Citigroup’s scenario of gold reaching $1,600
Citigroup (C) analysts are quite bullish on gold’s prospects after its recent run. Even prior to gold’s rally, Citigroup said on June 10 that its base case was that President Donald Trump would apply a 25% tariff on the remaining Chinese goods and increase tensions with Europe and Japan.
If the Fed doesn’t cut interest rates in this scenario, then the markets could enter a full-scale bear market, with the S&P 500 (SPY) down 20% from its April peak. Citi outlined that in this scenario, gold prices (GLD) could surge to $1,600 per ounce.

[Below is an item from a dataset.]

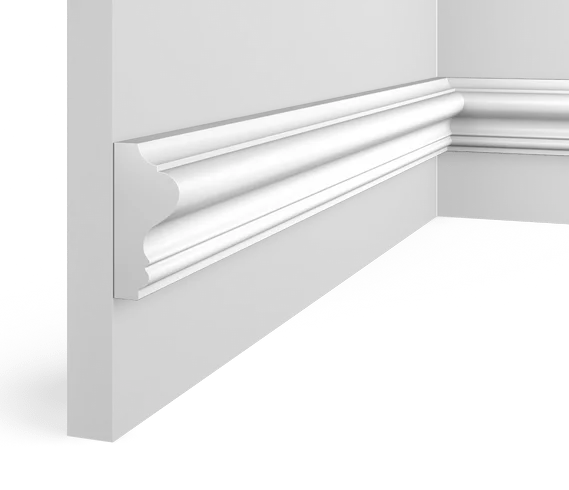 Отделка стен и потолка Молдинг Hi Wood LD60 28х60х2000 мм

Citigroup sees gold reaching $1,500
In June’s policy meeting, however, the Fed signaled that it was game for a rate cut if needed, and the market has since been pricing in a 100% probability of a rate cut in July. In the second scenario Citi outlined, if a trade deal isn’t forthcoming and the Fed cuts rates, gold prices could still rise to $1,500 per ounce. If, however, a deal is struck between the US and China, Citi expects yields (TLT) to rise and gold prices to slip along with the US dollar (UUP).
Citi is bullish on gold
In a more recent commentary, Citi said that gold could reach between $1,500 and $1,600 per ounce in the next 12 months, $1,500 per ounce by the end of 2019, and $1,450 per ounce in the next three months.

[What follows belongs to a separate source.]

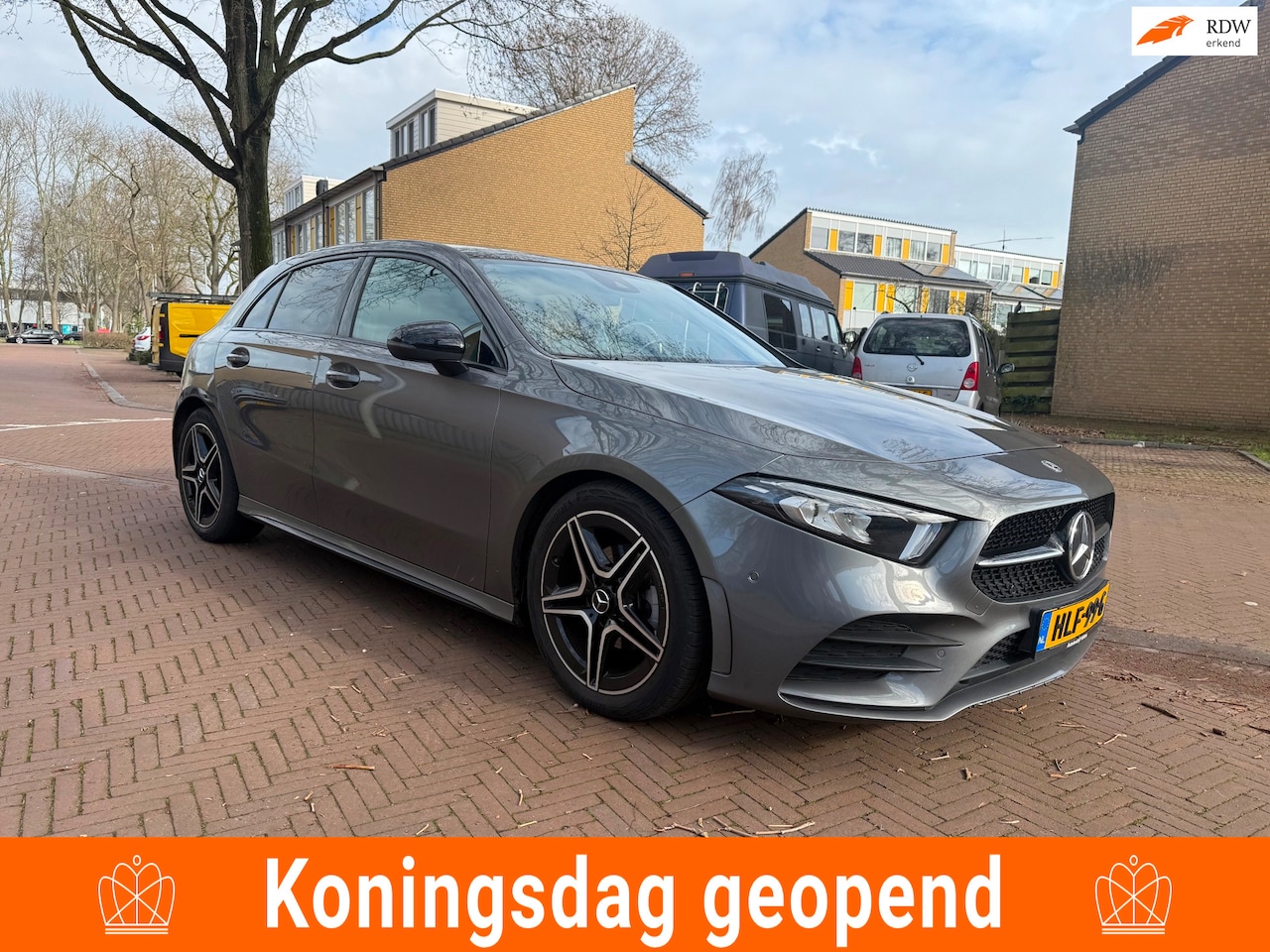 Mercedes-Benz A-klasse - Eerste eigenaar / Panorama dak / 45.750 km / Mooie auto - AutoWereld.nl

Gold miners’ prices have changed even more than gold’s. However, this is not surprising given that miners are usually leveraged bets on gold, amplifying its performance. For example, The VanEck Vectors Gold Miners ETF (GDX) has gained 25.9% in the last month, while the SPDR Gold Shares ETF (GLD) has gained 11.6%. Investors in even more leveraged funds such as the Direxion Daily Gold Miners Index Bull 3X Shares ETF (NUGT) and the Direxion Daily Junior Gold Miners Index Bull 3X Shares ETF (JNUG) have made a killing. This month, the ETFs have returned a whopping 91.7% and 87.1%, respectively.